Aryal’s grin turned into a scowl. She looked like she had just swallowed something sour, but after a moment she nodded.

 

Pia returned the nod and looked down at her magazine. It was a dismissal. The harpy took it as such, launched off the couch and disappeared.

 

Pia also had time to give Quentin a call. She went out onto the balcony on a sunny afternoon and closed the door for some privacy. Then she leaned against the new wall and looked out over the city as they talked.

 

It was quite an exchange. She had to fill Quentin in on all that had happened since her brief stay at his beach house. It was a lot to tell, including that she was now apparently Dragos’s mate and carrying his child.

 

When she finished, there was a long, long silence on the other end. She toed one of the flagstones and watched traffic below as she waited. “That’s going to take me a while to process,” Quentin said in a scrupulously neutral tone of voice.

 

“Tell me about it.”

 

“How . . . is he?”

 

“You know Rex Harrison in My Fair Lady?”

 

“The professory, growly son of a bitch?”

 

“Yeah, well”—she closed one eye, squinted at the skyline and grinned—“Dragos is a lot worse.”

 

That caused another rant that went pretty much along the lines of he’d-better-treat-you-right-or-I-don’t-care-who-thebastard-is-I’ll-kill-him-myself kind of thing. She bent over, put her forehead on the wall railing and endured it with as much patience as she could muster, making noises every once in a while to pretend she was actually listening.

 

Finally he said, “I want to see you in person. I want to make sure that bastard hasn’t addled you with some kind of beguilement.”

 

“He hasn’t,” she said. “But I’ll come to Elfie’s soon for a real visit.”

 

“You’d better.” Quentin sounded grim. “Or as allergic to the Tower as I am, I’ll come break you out.”

 

“Tell everybody I miss them.”

 

“I will. See you soon.” He stressed the last.

 

“Yes, you will, I promise.” At last she was able to extricate herself from the conversation and hang up.

 

She was wrung out. This starting a new life was a hell of a lot of hard work.

 

 

 

 

 

She and Dragos didn’t talk much after they had shared stories, and she didn’t see much of him after she had convinced him to go back to work.
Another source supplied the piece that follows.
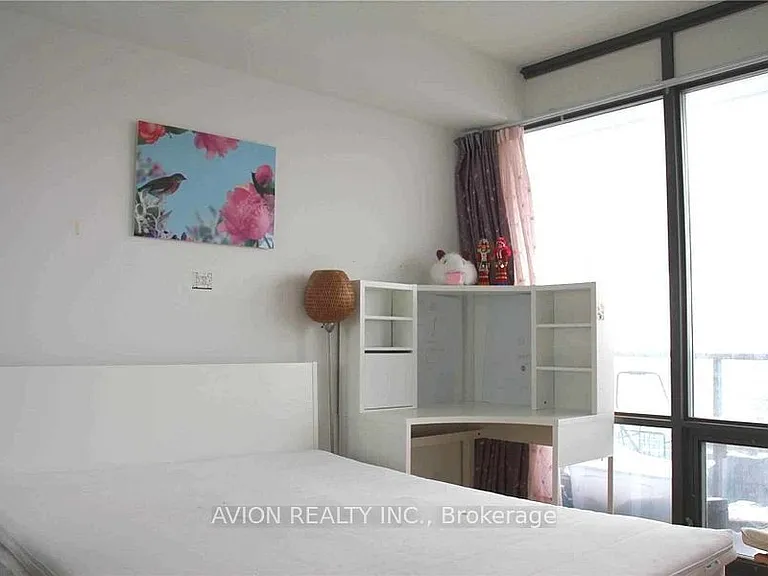 832 Bay St #4503 — Photo 7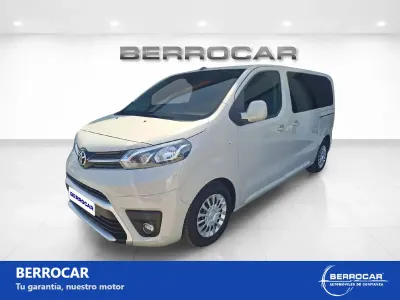 Usado Toyota Proace Verso 120 CV (88 kW) 2022 Beige Familiar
He was soon immersed in stabilizing some businesses in Illinois before he sold them, and he mentioned something about initiating a hostile takeover of an investor-owned utility company.

 

She wondered if the distance between them would be the definition of her life now. He slipped into bed with her every night and wrapped her up in his arms, and she derived a lot of comfort from his nearness. But they didn’t make love, or have sex, or . . . mate.

 

Changing and becoming full Wyr enhanced her healing capability. After three days of convalescence, she was climbing the walls. Finally Dr. Medina, who had been making daily house calls, cleared her for treadmill walking and other light exercise.

 

“Yes!” She’d been hoping for the go-ahead.

 

“No running until I say so, no matter how good you feel. And I’m not going to say so till at least next week,” the doctor warned. “That crossbow wound gave your respiratory system quite a knock.”

 

“No running. Gotcha.” She grabbed her clothes, black Lycra exercise tights and sports tank top, and put them on. “Thank you!”

 

“You’re welcome.” The doctor smiled. “I’ll let myself out.”